***** GIVEN DATA

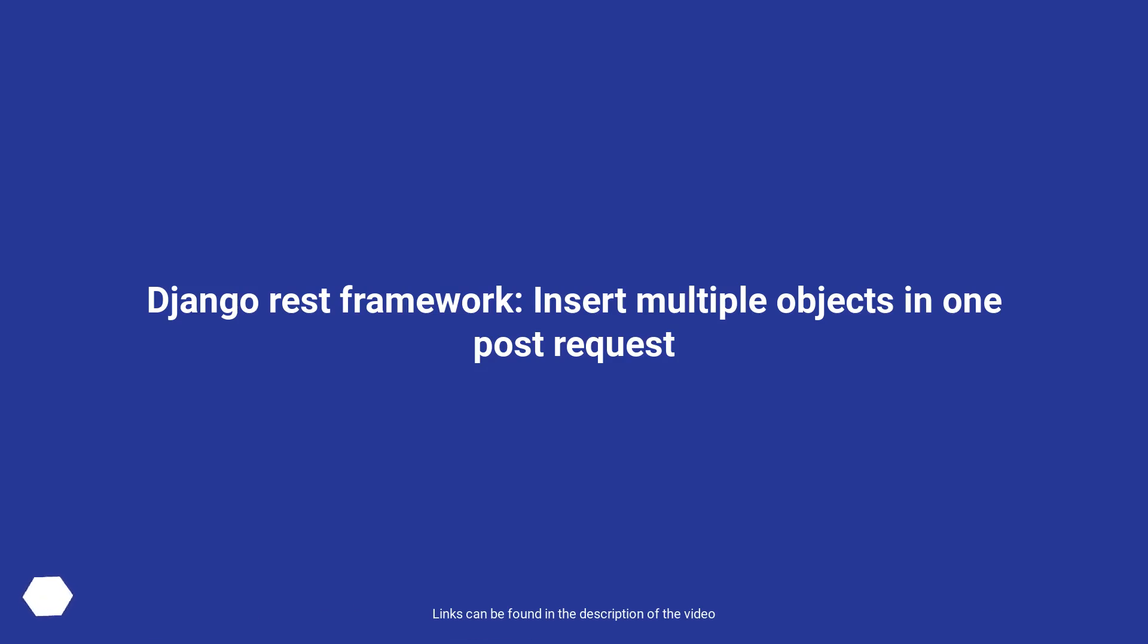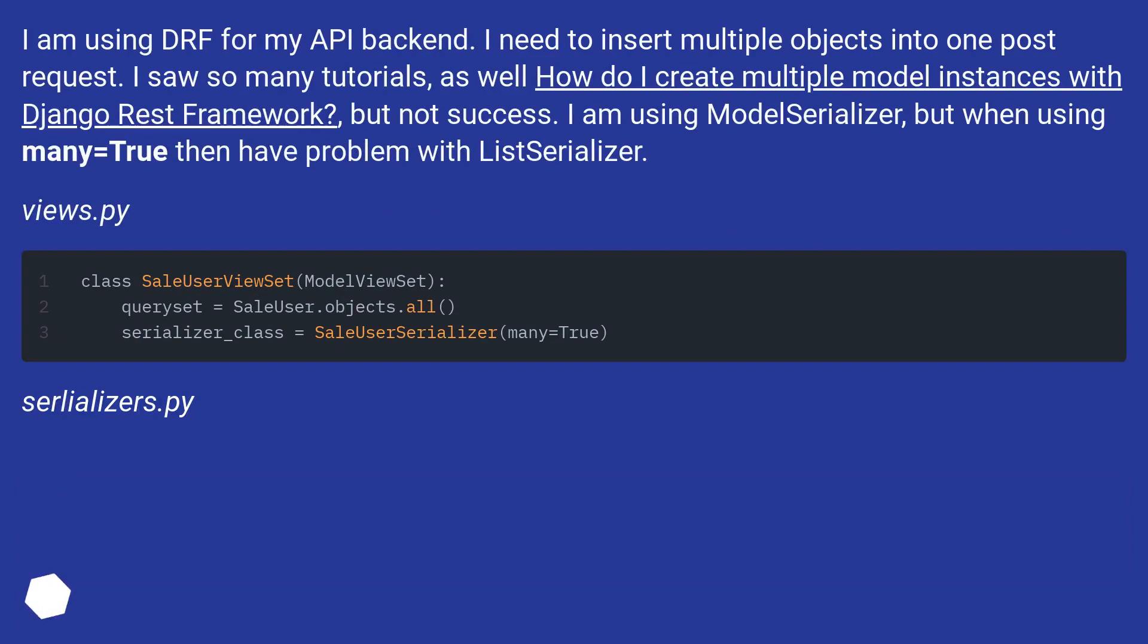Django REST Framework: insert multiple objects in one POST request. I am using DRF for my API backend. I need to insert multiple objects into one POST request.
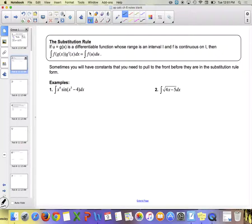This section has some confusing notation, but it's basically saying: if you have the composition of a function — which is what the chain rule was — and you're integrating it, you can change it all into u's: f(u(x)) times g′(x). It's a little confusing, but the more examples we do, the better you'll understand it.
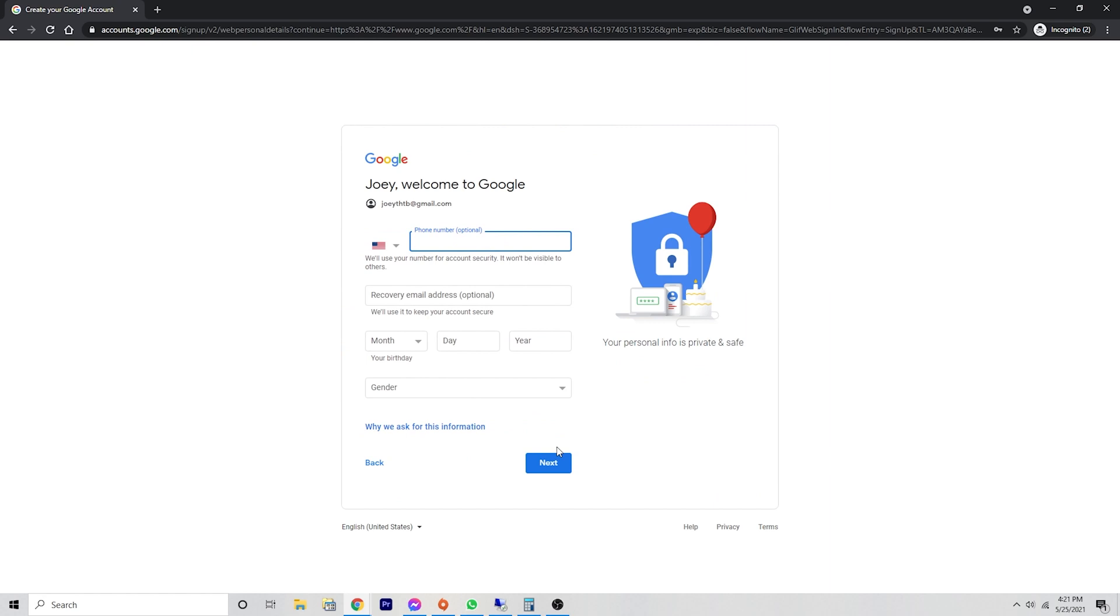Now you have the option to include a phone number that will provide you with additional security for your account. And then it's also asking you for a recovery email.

**********

Nothing but the pictures is to be left out; repeat the data exactly.

Django REST Framework: insert multiple objects in one POST request. I am using DRF for my API backend. I need to insert multiple objects into one POST request.
This section has some confusing notation, but it's basically saying: if you have the composition of a function — which is what the chain rule was — and you're integrating it, you can change it all into u's: f(u(x)) times g′(x). It's a little confusing, but the more examples we do, the better you'll understand it.
Now you have the option to include a phone number that will provide you with additional security for your account. And then it's also asking you for a recovery email.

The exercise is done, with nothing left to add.